Hay una frase que se repite como un mantra cómodo: “una adicción es una adicción”. Se dice en grupos, en consultorios, en campañas bienintencionadas. Suena inclusiva. Suena justa. Y sin embargo, es falsa. O peor: es peligrosa cuando se la toma al pie de la letra.
Recuperarse de la ludopatía no es lo mismo que recuperarse del alcoholismo o de la drogadicción. No es más fácil. No es más difícil. Es distinto. Y ese “distinto” cambia todo.
El alcohol y las drogas tienen cuerpo. Olor. Síntomas visibles. Temblor en las manos. Pupilas dilatadas. Botellas vacías. Jeringas. Hay señales externas que delatan, que permiten intervenir, que obligan a admitir que algo anda mal. El juego no. El juego es limpio por fuera. Elegante, incluso. Un celular sobre la mesa no parece una adicción. Parece tiempo muerto.
El ludópata puede estar completamente arruinado sin que nadie lo note. Puede trabajar, sonreír, cumplir horarios, incluso dar consejos financieros. Puede no tener una sola sustancia en sangre y, aun así, estar intoxicado. Intoxicado de expectativa. De ilusión matemática. De esa fantasía absurda de que la próxima jugada va a ordenar el caos.

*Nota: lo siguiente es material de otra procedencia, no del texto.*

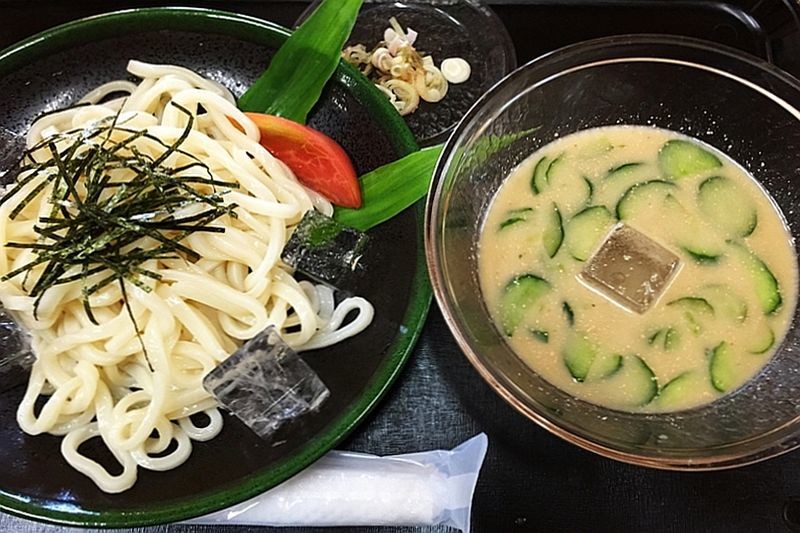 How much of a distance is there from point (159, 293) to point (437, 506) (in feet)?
2.79

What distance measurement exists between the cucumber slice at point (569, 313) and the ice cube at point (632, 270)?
8 cm

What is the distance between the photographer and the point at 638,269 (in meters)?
1.85

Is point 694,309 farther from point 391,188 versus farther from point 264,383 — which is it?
point 264,383

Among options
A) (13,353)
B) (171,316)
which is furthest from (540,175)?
(13,353)

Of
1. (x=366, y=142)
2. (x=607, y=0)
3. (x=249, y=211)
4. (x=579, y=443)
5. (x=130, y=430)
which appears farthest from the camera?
(x=607, y=0)

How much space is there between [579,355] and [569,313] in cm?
10

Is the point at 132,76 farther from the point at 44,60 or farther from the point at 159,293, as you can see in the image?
the point at 159,293

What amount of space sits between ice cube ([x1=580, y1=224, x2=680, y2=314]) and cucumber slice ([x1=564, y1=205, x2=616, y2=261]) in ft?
0.09

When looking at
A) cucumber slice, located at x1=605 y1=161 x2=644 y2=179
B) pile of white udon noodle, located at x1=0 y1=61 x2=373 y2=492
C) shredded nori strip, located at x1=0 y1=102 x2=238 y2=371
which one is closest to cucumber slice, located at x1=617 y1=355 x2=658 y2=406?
cucumber slice, located at x1=605 y1=161 x2=644 y2=179

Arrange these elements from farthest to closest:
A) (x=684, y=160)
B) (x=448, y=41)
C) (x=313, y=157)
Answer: (x=448, y=41), (x=313, y=157), (x=684, y=160)

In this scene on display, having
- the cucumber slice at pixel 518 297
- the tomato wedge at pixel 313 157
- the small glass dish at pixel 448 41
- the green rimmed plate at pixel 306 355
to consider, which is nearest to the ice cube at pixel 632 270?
the cucumber slice at pixel 518 297

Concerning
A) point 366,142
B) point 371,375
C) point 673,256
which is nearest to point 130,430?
point 371,375

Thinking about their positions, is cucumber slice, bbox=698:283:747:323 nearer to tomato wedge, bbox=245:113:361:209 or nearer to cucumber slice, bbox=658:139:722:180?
cucumber slice, bbox=658:139:722:180

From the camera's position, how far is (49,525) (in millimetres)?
1938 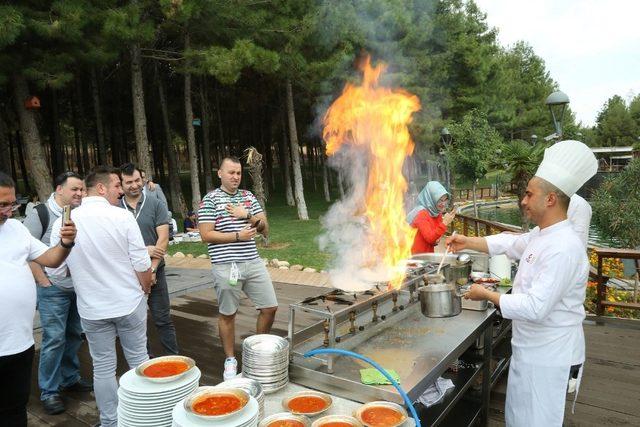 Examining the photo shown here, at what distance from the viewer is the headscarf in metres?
5.18

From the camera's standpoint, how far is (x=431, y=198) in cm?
520

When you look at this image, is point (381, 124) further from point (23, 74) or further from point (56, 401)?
point (23, 74)

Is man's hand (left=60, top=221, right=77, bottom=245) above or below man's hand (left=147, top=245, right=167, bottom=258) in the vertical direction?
above

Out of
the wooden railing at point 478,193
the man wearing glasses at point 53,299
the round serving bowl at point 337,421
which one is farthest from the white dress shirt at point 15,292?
the wooden railing at point 478,193

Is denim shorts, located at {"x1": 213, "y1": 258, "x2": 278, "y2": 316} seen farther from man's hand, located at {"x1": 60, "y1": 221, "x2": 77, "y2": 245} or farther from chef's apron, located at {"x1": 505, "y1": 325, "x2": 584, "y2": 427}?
chef's apron, located at {"x1": 505, "y1": 325, "x2": 584, "y2": 427}

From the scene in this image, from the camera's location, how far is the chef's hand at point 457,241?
3.89m

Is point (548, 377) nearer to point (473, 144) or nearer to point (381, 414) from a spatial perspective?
point (381, 414)

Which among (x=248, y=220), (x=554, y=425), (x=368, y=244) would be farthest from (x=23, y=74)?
(x=554, y=425)

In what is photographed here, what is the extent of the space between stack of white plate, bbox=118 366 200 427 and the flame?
7.79 feet

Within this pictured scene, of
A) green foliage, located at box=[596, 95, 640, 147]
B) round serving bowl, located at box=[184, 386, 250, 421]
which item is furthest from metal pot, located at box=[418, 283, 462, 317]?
green foliage, located at box=[596, 95, 640, 147]

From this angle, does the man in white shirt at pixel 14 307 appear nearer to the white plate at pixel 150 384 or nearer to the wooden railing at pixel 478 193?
the white plate at pixel 150 384

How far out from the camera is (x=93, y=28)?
41.4 feet

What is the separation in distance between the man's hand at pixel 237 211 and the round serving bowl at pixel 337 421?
257cm

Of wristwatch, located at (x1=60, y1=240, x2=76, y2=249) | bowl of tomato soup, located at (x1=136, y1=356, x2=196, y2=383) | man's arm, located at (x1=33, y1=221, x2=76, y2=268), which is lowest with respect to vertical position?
bowl of tomato soup, located at (x1=136, y1=356, x2=196, y2=383) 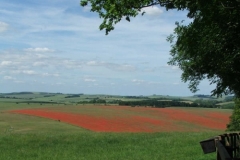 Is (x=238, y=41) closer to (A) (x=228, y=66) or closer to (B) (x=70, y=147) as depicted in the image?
(A) (x=228, y=66)

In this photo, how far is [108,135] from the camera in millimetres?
32156

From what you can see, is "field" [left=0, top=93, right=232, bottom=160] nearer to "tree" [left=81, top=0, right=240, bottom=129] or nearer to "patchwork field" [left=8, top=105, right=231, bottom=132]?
"patchwork field" [left=8, top=105, right=231, bottom=132]

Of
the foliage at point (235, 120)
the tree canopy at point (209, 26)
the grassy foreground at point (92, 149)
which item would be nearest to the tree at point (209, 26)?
the tree canopy at point (209, 26)

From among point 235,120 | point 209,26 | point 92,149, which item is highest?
point 209,26

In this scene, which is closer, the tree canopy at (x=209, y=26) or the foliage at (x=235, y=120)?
the tree canopy at (x=209, y=26)

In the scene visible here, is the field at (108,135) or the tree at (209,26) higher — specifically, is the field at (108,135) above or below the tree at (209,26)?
below

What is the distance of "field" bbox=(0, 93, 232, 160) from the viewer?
20.7m

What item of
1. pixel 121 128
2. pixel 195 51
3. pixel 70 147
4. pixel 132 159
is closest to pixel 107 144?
pixel 70 147

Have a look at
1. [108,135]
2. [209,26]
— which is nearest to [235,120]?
[108,135]

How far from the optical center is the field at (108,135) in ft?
68.0

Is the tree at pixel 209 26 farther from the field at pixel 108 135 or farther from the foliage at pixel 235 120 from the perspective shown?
the foliage at pixel 235 120

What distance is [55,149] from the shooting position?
23156 mm

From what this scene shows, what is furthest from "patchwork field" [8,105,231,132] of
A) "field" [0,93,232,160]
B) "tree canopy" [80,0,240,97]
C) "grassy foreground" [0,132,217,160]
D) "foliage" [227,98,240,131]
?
"tree canopy" [80,0,240,97]

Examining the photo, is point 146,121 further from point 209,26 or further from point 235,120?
point 209,26
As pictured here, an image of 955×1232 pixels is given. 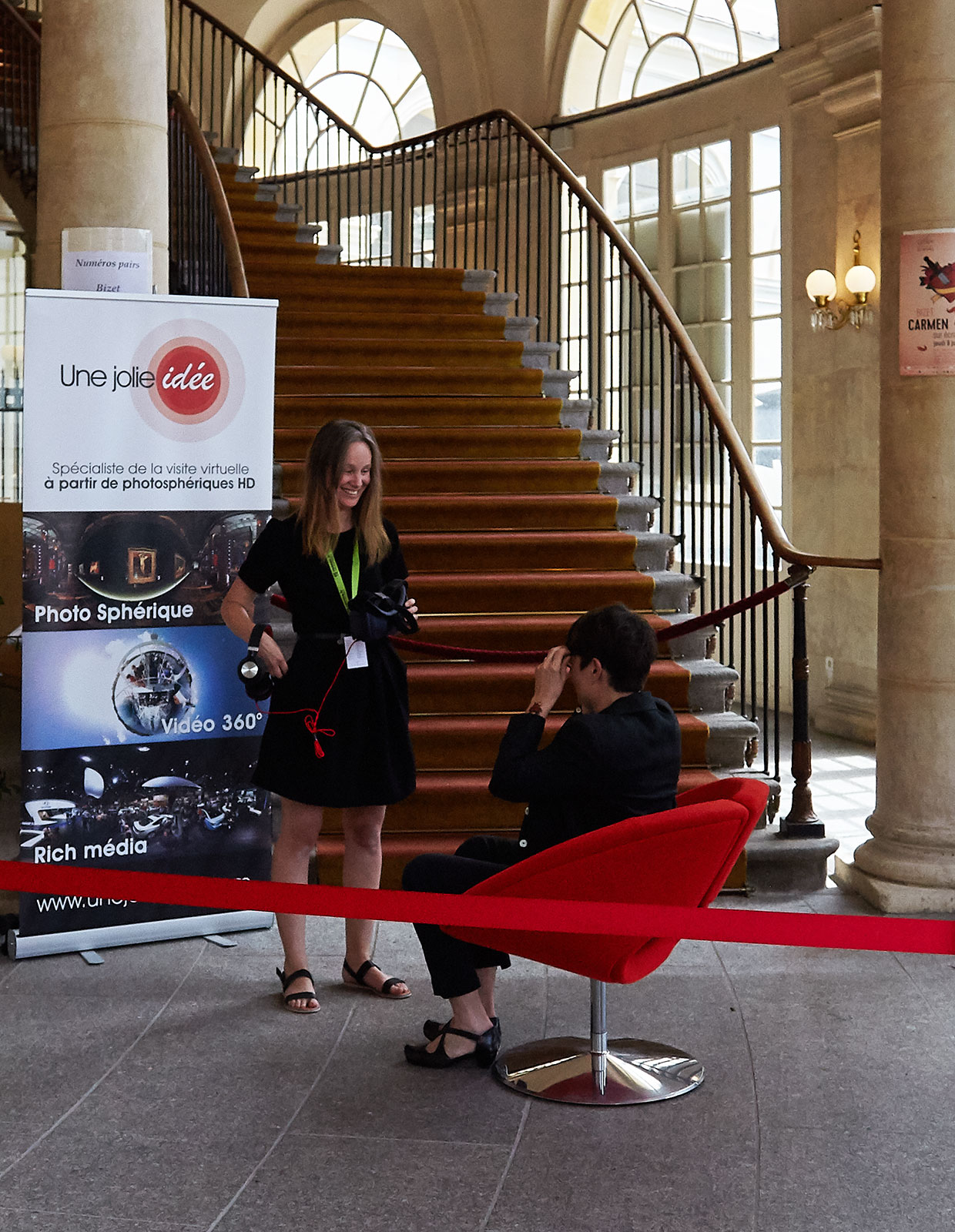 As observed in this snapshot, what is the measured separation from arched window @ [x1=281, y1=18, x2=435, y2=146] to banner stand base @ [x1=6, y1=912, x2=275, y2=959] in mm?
8919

Ahí aparece la primera diferencia brutal: la abstinencia.
En alcoholismo y drogadicción, la abstinencia es física. Duele. Se nota. Asusta. En la ludopatía, la abstinencia es silenciosa. No hay sudor frío ni vómitos. Hay algo peor: pensamiento. Pensamiento constante. Rumiación. Cálculo. Recuerdo de jugadas pasadas que se reescriben como si hubieran sido estrategias brillantes y no actos desesperados.
El cuerpo no grita. La cabeza no se calla.

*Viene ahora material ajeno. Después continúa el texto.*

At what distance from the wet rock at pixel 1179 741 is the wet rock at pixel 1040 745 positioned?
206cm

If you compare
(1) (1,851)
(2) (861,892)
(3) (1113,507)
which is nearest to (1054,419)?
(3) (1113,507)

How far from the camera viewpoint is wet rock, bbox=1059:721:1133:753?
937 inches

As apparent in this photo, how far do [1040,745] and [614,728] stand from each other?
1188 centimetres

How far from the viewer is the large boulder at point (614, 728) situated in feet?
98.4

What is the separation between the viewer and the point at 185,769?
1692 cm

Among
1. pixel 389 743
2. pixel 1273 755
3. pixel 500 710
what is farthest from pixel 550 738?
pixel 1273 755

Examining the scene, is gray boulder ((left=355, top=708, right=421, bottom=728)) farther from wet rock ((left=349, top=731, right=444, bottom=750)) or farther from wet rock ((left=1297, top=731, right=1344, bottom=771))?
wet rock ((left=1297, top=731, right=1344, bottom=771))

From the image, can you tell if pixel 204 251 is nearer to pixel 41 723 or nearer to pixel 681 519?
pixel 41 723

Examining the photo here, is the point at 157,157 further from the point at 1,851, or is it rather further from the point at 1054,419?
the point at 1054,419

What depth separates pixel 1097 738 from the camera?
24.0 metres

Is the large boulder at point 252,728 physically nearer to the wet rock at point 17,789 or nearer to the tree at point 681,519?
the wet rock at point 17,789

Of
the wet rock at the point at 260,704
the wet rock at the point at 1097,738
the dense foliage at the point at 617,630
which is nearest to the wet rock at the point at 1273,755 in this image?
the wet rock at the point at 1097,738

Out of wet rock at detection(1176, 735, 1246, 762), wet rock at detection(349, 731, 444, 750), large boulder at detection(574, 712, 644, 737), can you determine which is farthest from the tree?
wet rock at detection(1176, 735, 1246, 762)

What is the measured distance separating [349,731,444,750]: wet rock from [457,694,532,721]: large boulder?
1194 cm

Por eso muchos ludópatas creen que “no están tan mal”. Porque no tiemblan. Porque no huelen. Porque no hay una sustancia que cortar. Solo hay que “no jugar”. Como si fuera poco.
Segunda diferencia: el entorno.
Nadie le ofrece heroína a un ex heroinómano en una cena familiar. Nadie le sirve whisky a un alcohólico en recuperación diciendo “uno no pasa nada”. Con el juego sí. El mundo entero está diseñado para empujar al ludópata de vuelta al pozo. Publicidades. Bonos de bienvenida. Apuestas en vivo. Casinos disfrazados de entretenimiento. Aplicaciones que celebran cada pérdida como si fuera un casi-éxito.
El ludópata no tiene que ir a buscar la recaída. La recaída lo busca a él.
Tercera diferencia: la narrativa social.
El alcohólico es visto como alguien enfermo. El drogadicto, como alguien en riesgo. El ludópata, muchas veces, como un irresponsable. Como alguien que “no sabe controlarse”. Se lo juzga más. Se lo comprende menos. Porque el dinero sigue siendo, en el fondo, una cuestión moral.
Perder la salud genera compasión. Perder dinero genera reproche.
Eso pesa. Y mucho. Porque la culpa no ayuda a recuperarse. Solo empuja a esconder mejor la recaída.
Y está la diferencia más peligrosa de todas: la ilusión de control.
El alcoholismo se rinde ante la evidencia: beber destruye. La droga también. El juego, en cambio, se disfraza de habilidad. De estadística. De “yo ahora sé”. El ludópata no siente que esté perdiendo el control: siente que está a punto de recuperarlo.
Ese es el anzuelo. Siempre.
Por eso la recuperación en ludopatía no puede copiar y pegar modelos de otras adicciones. Funciona mal. Frustra. Expulsa. No alcanza con abstenerse. No alcanza con ir a un grupo y repetir frases aprendidas. Hace falta desmontar la relación con el dinero, con el riesgo, con la fantasía de reparación inmediata.
Hace falta algo más incómodo: reconstruir la identidad.
El alcoholismo te quita el control. La ludopatía te convence de que todavía lo tenés.
Y romper esa mentira lleva tiempo, lucidez y una vigilancia constante que no siempre es comprendida desde afuera.
Decir que “todas las adicciones son iguales” tranquiliza a quien no las vive. Al que sí, lo deja solo con un problema mal entendido.
La ludopatía no necesita menos seriedad que otras adicciones. Necesita más precisión. Porque cuando el enemigo no se ve, no tiembla y no huele, suele ganar en silencio.